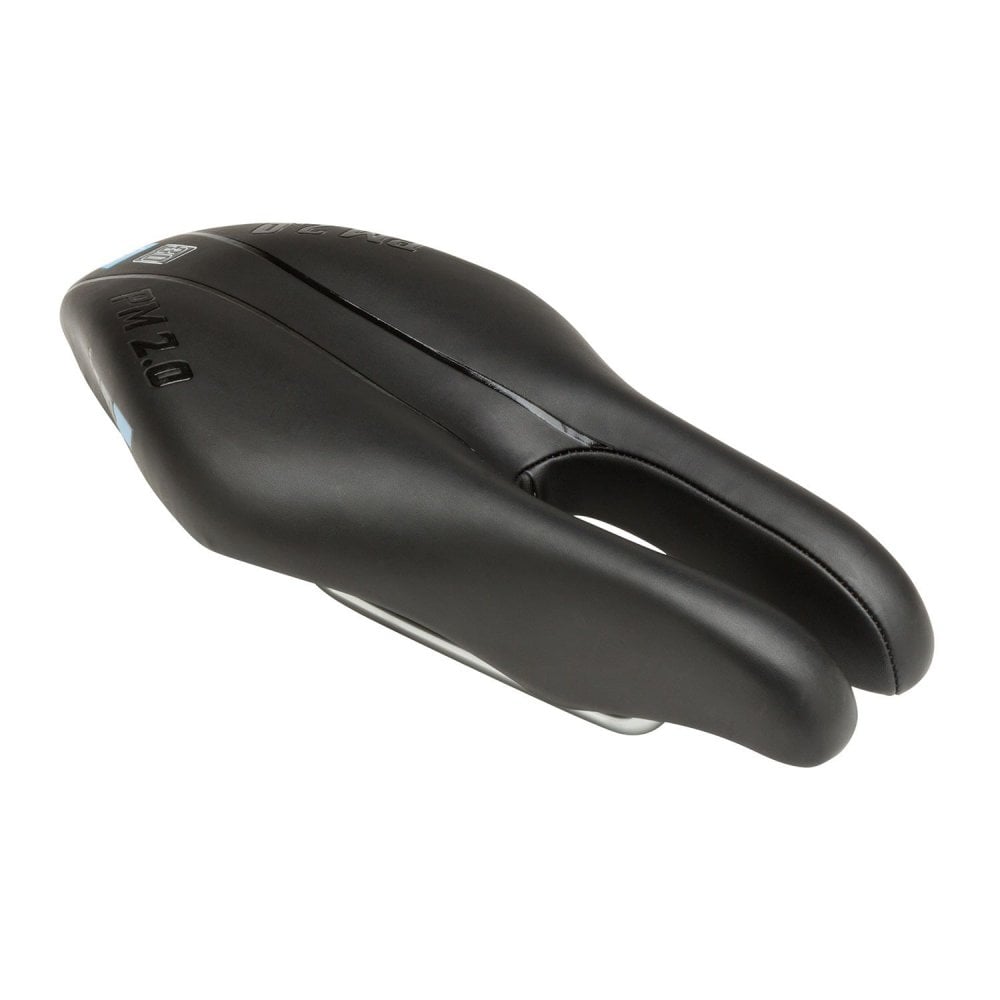 Ism Pm 2.0 Saddle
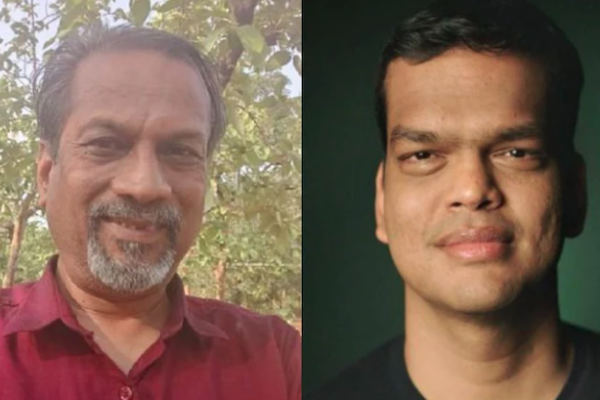 ज़ोहो
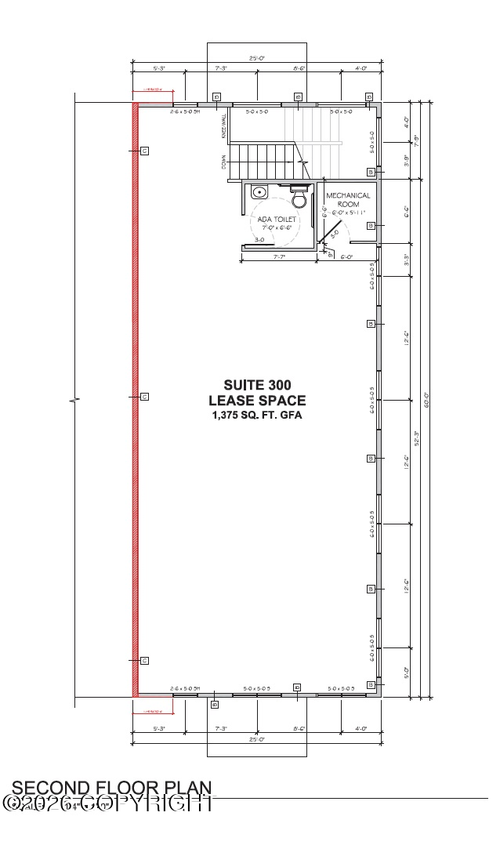 300-860 S Roberts St, Wasilla, AK, 99654-0014 | Card Image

# [EXERCISE GOAL]
An exact repeat of all the data is required, pictures excluded.

# [EXPECTED OUTPUT]
 Ism Pm 2.0 Saddle
 ज़ोहो
 300-860 S Roberts St, Wasilla, AK, 99654-0014 | Card Image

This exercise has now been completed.